To do:
Images should not appear in the copy, yet every line of the listing below must be printed exactly.

Provided material:
_ _ _ _
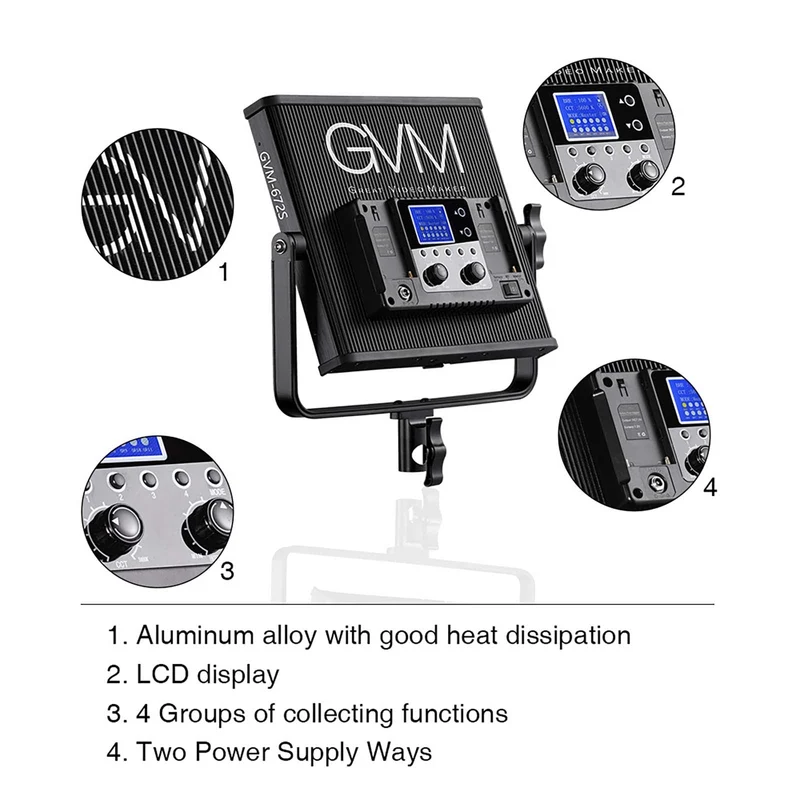 GVM-672S 40W High Beam High Brightness Bi-Color LED VIdeo Soft Light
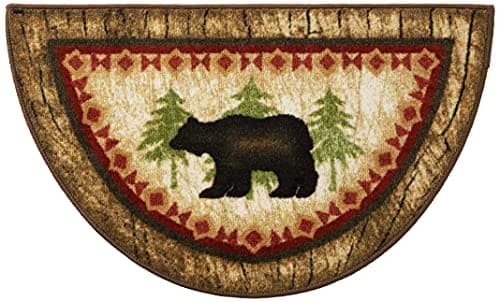 Cozy Cabin CC5275 Birch Bear Non Skid Rug 19"x31" Wedge Brown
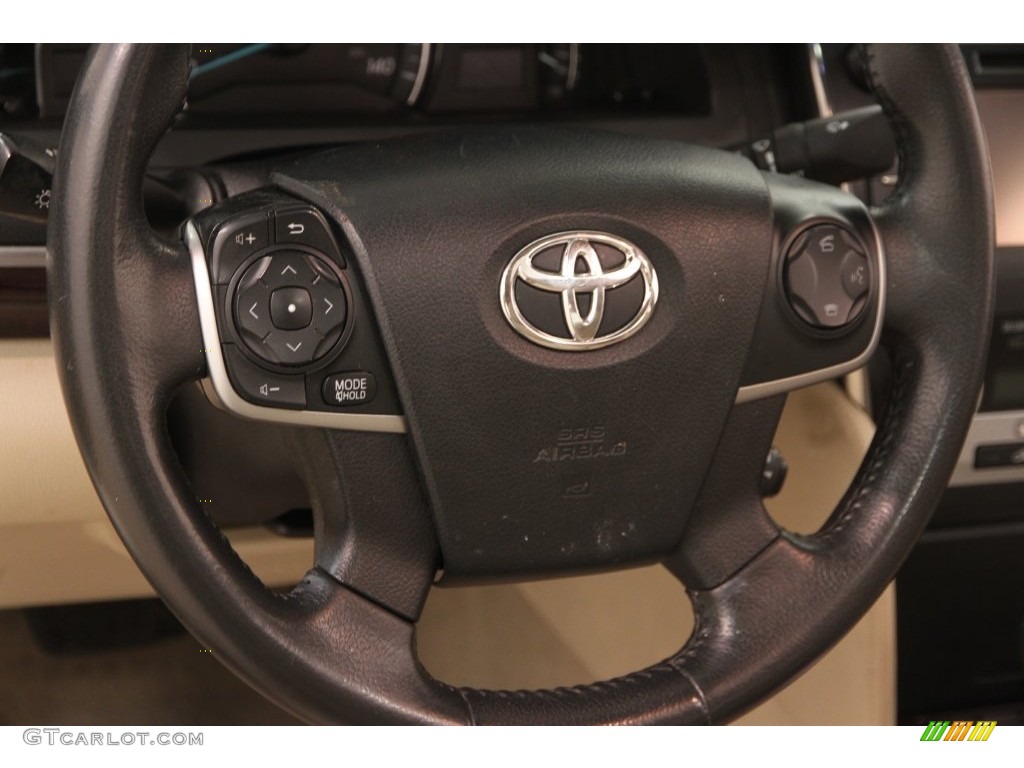2013 Camry XLE V6 - Super White / Ivory photo #6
_ _ _ _
Response:
 GVM-672S 40W High Beam High Brightness Bi-Color LED VIdeo Soft Light
 Cozy Cabin CC5275 Birch Bear Non Skid Rug 19"x31" Wedge Brown
2013 Camry XLE V6 - Super White / Ivory photo #6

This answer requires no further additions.